Most of the new law's provisions take effect 180 days after Bush signs it. The law will require thousands of debtors who would, under current law, be allowed to wipe out their debts when they filed for Chapter 7 bankruptcy to instead enter Chapter 13 and work out a plan to repay their creditors.

The bill applies a means test: if a debtor earns less than the median income in the state where he lives, then his case will remain in Chapter 7, where, after he gives up certain property that he owned at the time of filing for bankruptcy, his debts will be cancelled.

The means testing provisions would not apply to disabled military veterans if their indebtedness occurred during a period when they were on active duty.

The law will also make a debtor wait eight years, rather than the current six years, before filing a new petition to erase his debt.

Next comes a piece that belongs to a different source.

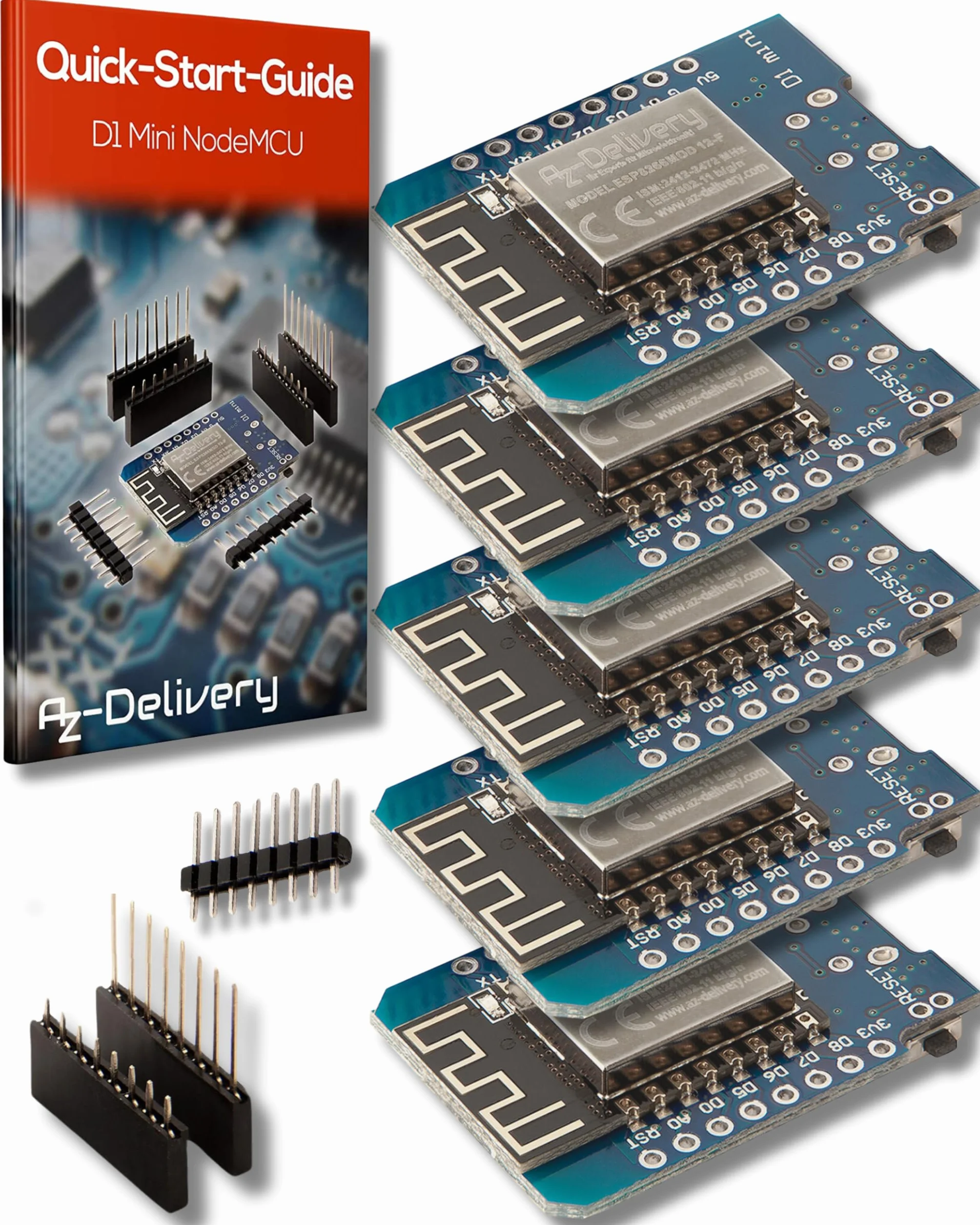 AZDelivery D1 Mini NodeMcu z ESP8266-12F Moduł WLAN CH340G Lua, kompatybilny z Arduino w tym e-book!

The Senate passed the bill on March 10. At the time, 25 senators, all of them Democrats, voted "no." Every Republican voted for it, as did 18 Democrats, including Senate Minority Leader Harry Reid .

Bipartisan accord
The political curiosity here is that both Reid and House Majority Leader Tom DeLay — who agree on very little else — were both enthusiastically taking credit for the bill Wednesday.

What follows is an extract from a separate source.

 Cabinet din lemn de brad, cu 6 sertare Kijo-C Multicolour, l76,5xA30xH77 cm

"We’ve done a good job this year. In spite of the so-called partisanship, we’ve moved two pieces of legislation that have been around for 15 years, class action (reform) and bankruptcy," Reid told reporters when asked whether partisan animosity was slowing the Senate's work. Alluding to the bankruptcy bill and other legislation, Reid said, "We’re moving along well."

Reid made his comments at the end of a press conference in which he and House Democratic Leader Nancy Pelosi denounced DeLay for alleged unethical conduct and intimidation of federal judges.

Just a few hours later DeLay told reporters, "the bankruptcy bill has been several years in the making, but the final product is worth the wait."

Finance and credit card companies, who have urged the bill’s passage, tend to prefer Republican candidates. According to the non-partisan Center for Responsive Politics, such companies contributed $7.8 million in campaign contributions during the 2004 election cycle, with nearly two-thirds of that money going to Republicans.

Opposed by Democratic constituencies
But the bankruptcy bill is adamantly opposed by Democratic constituencies including labor unions, women’s groups, and consumer groups.

The grass-roots Democratic group Moveon.org raised more than $570,000 to air radio ads in districts of those representatives who were wavering on the bill. The bill "would make it impossible for folks who have been dealt a bad hand to get a clean start," Moveon.org told its members in an e-mail Monday.

"In a betrayal of middle class families, as many as 90 Democrats may also vote the wrong way," the group noted, warning that "there are serious consequences for hurting Americans in order to help the nation's credit card companies."

So why are Reid and other congressional Democratic leaders such as New Democrat Coalition chief Rep. Ellen Tauscher, D- Calif. supporting it?

In an interview Thursday off the House floor, Tauscher said, "Suffice it to say, I would much prefer a Democratic majority that would write a better bill. I would much prefer tighter restrictions on the credit card industry, I would much prefer many different things, but we are not in the majority."